Amaya, D., M. J. DeFlorio, A. J. Miller and S.-P. Xie, 2016:

WES feedback and the Atlantic Meridional Mode: Observations and CMIP5 comparisons


Climate Dynamics, doi:10.1007/s00382-016-3411-1, in press.

Abstract. The Atlantic Meridional Mode (AMM) is the dominant mode of tropical SST/wind coupled variability. Modeling studies have implicated wind-evaporation-SST (WES) feedback as the primary driver of the AMM.s evolution across the Atlantic basin; however, a robust coupling of the SST and winds has not been shown observationally. This study examines observed AMM growth, propagation, and decay as a result of WES interactions. Investigation of a lagged maximum covariance analysis shows that boreal wintertime atmospheric forcing generates positive SST anomalies (SSTA) through a reduction surface evaporative cooling. When the AMM peaks in magnitude during spring and summer, upward latent heat flux anomalies occur over the warmest SSTs and act to dampen the initial forcing.
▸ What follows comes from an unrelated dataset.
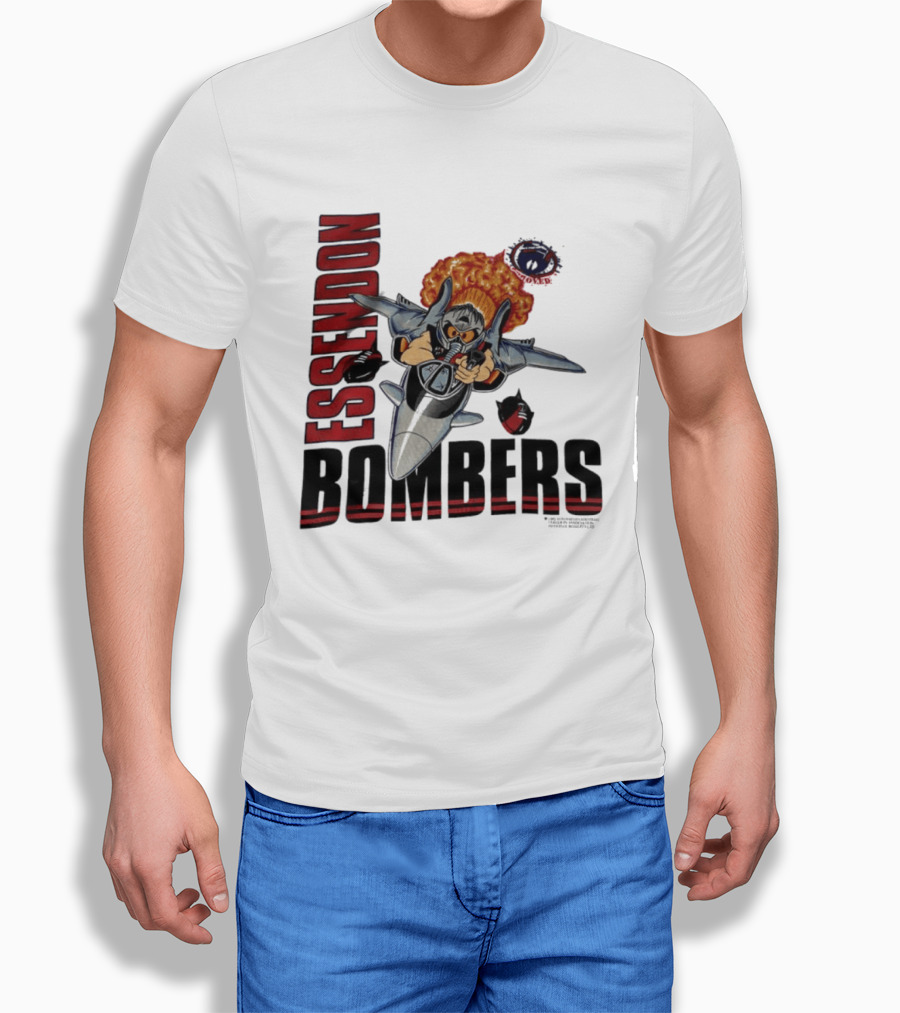 Essendon Bombers Fighter Jet Character Vintage 1992 T-Shirt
In contrast, on the southwestward edge of the SSTA, SST-forced cross-equatorial flow reduces the strength of the climatological trade winds and provides an anomalous latent heat flux into the ocean, which causes southwestward propagation of the initial atmosphere-forced SSTA through WES dynamics. Additionally, the lead-lag relationship of the ocean and atmosphere indicates a transition from an atmosphere-forcing-ocean regime in the northern subtropics to a highly coupled regime in the northern tropics that is not observed in the southern hemisphere. CMIP5 models poorly simulate the latitudinal transition from a one-way interaction to a two-way feedback, which may explain why they struggle to reproduce observed coupled interactions between tropical Atlantic SST and winds. This analysis provides valuable insight on how meridional modes act as links between extratropical and tropical variability and focuses future research aimed at improving climate model simulations.